Are you an experienced science journalist? Would you like a change of scenery and the chance to escape your daily routine? The Heidelberg Institute for Theoretical Studies’ (HITS) “Journalist in Residence” program offers the possibility of spending three to six months among bright scientific minds, thereby allowing you to gain a deeper insight into computer-aided, data-driven research and to work without the pressures of everyday business. Acceptance into the program is compensated with € 5,000 per month. The deadline for applications is November 15, 2017, and one position is open in 2018 as well as in 2019.
At HITS, a private, non-profit basic research institute, 120 scientists from 20 countries are currently working in 12 research groups. Their fields of research range from molecular biology to astrophysics, and HITS focuses on the processing, structuring, and analysis of large amounts of complex data and the development of computational methods and software. One aim of the institute is to raise public awareness of the importance of computer-aided, data-driven research in the natural sciences. The institute is located in Heidelberg, Germany, a city with a top-100 university (Shanghai ranking 2016) and many high-class research institutions.

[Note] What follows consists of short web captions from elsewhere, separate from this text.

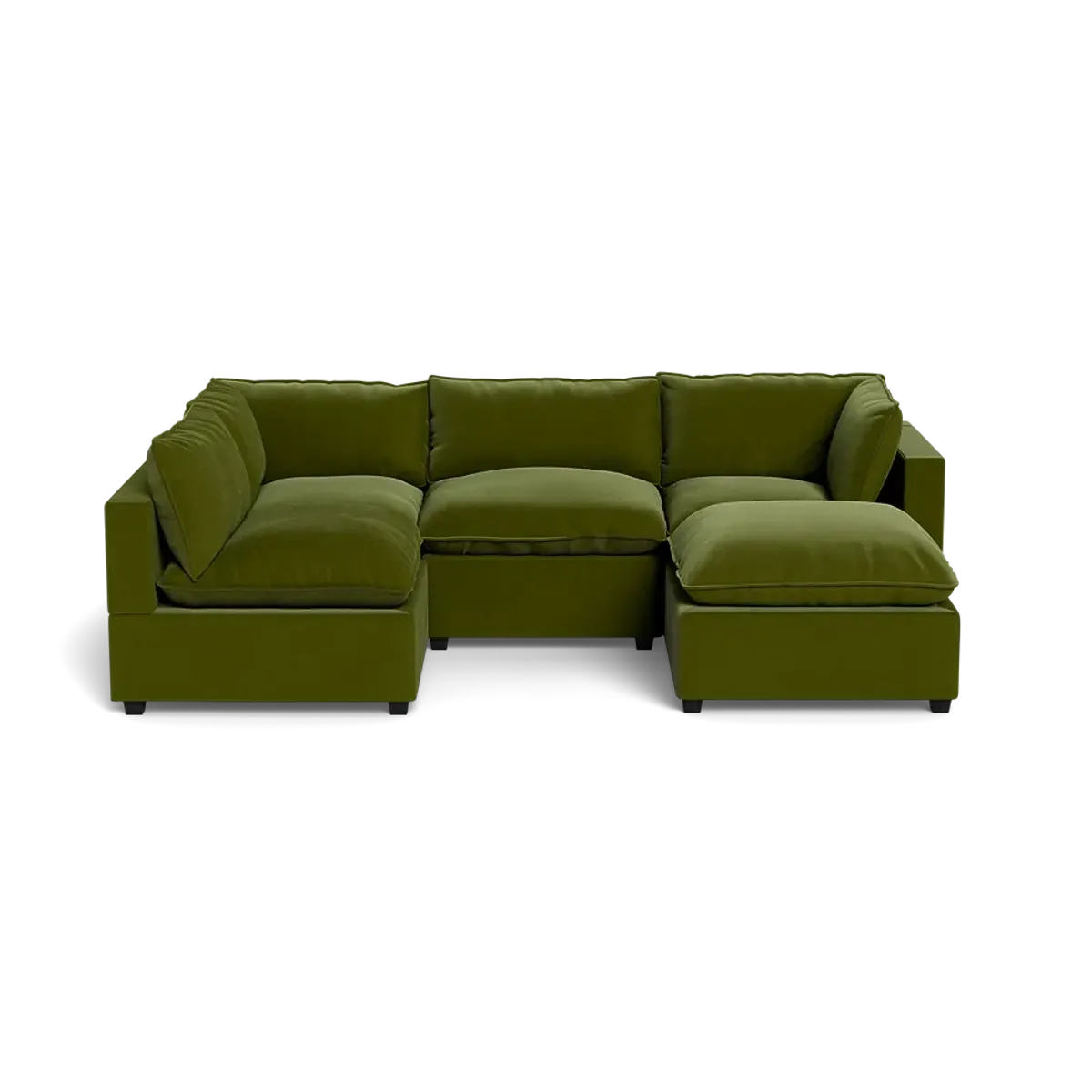 Kova Box Cushion L-Shape + Ottoman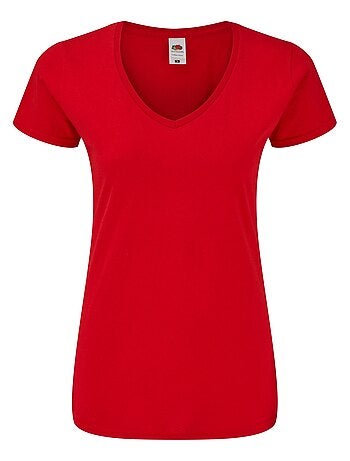 T-shirt iconic - fruit of the loom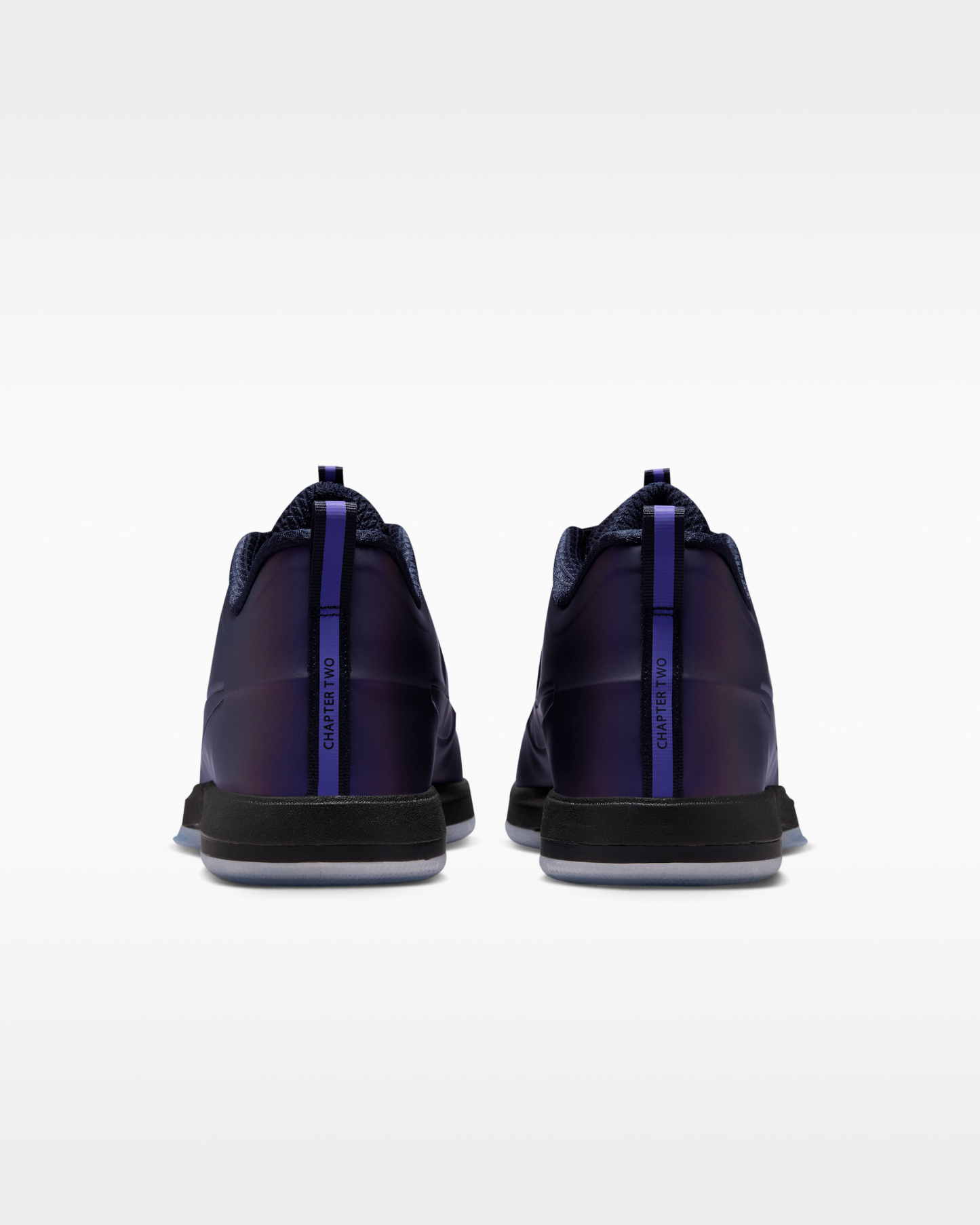 Book 2 PRM 'Eggplant Foamposite' Basketball Shoes - Varsity Purple/Varsity Purple/Black - View 6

The “Journalist in Residence” program is geared towards freelance and staff science journalists with several years of experience and a focus on the natural sciences and technology. The program is open to all media (print, online, radio, TV), and one of its goals is to encourage dialogue between journalists and researchers. This daily contact enables the journalists to gain a better understanding of the way research works and how researchers think. We do not expect the journalists to publish anything related to HITS in return. Instead, the program supports free and independent journalism.
A good command of spoken and written English is a prerequisite.
The Journalists in Residence for 2018 and 2019 will be chosen by a selection committee consisting of German science journalists Martin Schneider (president of the German science journalist association WPK), Dr. Carsten Könneker (Editor-in-Chief of “Spektrum der Wissenschaft,” Springer Nature), and Dr. Alexander Mäder (free journalist), Beatrice Lugger (NaWik), as well as of scientists from diverse universities, Max Planck Institutes, and HITS.
The first Journalist in Residence was the award-winning German science journalist Volker Stollorz in 2012. While working together with HITS researchers during his stay, he conceived the “OperationsExplorer”, a data journalism project that provided the data basis for journalistic research and for a TV production on the spatial distribution of surgery treatments in German hospitals.
To date, there have been six “Journalists in Residence” at HITS – from Germany, the U.S., Spain, and India. These journalists were able to learn about new topics and utilize their stay to meet scientists and other journalists. For example, Dr. Michele Catanzaro from Barcelona, Spain (Journalist in Residence in 2014) gave a talk at the “Wissenswerte” conference, where he met colleagues with whom he later collaborated on the cross-border project “hearing voices,” enabling him to win the “European Science Writer of the Year” award in 2016.
The most recent Journalist in Residence, T.V. Padma from Delhi, India, has just returned home from her stay at HITS. According to Padma, “this program offers a rare opportunity. Life as a journalist is a mad rush for deadlines under high pressure. For five months, my focus was not on deadlines, but on learning new things.” Back in India, Padma is working on data journalism projects that she initiated together with a HITS research group during her stay in Heidelberg.
The deadline for applications is November 15, 2017. The program will be presented at the World Conference of Science Journalists (WCSJ) in San Francisco, USA, at the end of October. T.V. Padma and her predecessor, Cologne-based radio journalist Michael Stang, will speak at the conference.
For more info about the program, check out our movie here. Please send your application by e-mail to email@example.com.
The Heidelberg Institute for Theoretical Studies (HITS) was established in 2010 by the physicist and SAP co-founder Klaus Tschira (1940-2015) and the Klaus Tschira Foundation as a private, non-profit research institute. HITS conducts basic research in the natural sciences, mathematics and computer science, with a focus on the processing, structuring, and analyzing of large amounts of complex data and the development of computational methods and software. The research fields range from molecular biology to astrophysics. The shareholders of HITS are the HITS-Stiftung, which is a subsidiary of the Klaus Tschira Foundation, Heidelberg University and the Karlsruhe Institute of Technology (KIT). HITS also cooperates with other universities and research institutes and with industrial partners. The base funding of HITS is provided by the HITS Stiftung with funds received from the Klaus Tschira Foundation. The primary external funding agencies are the Federal Ministry of Education and Research (BMBF), the German Research Foundation (DFG), and the European Union.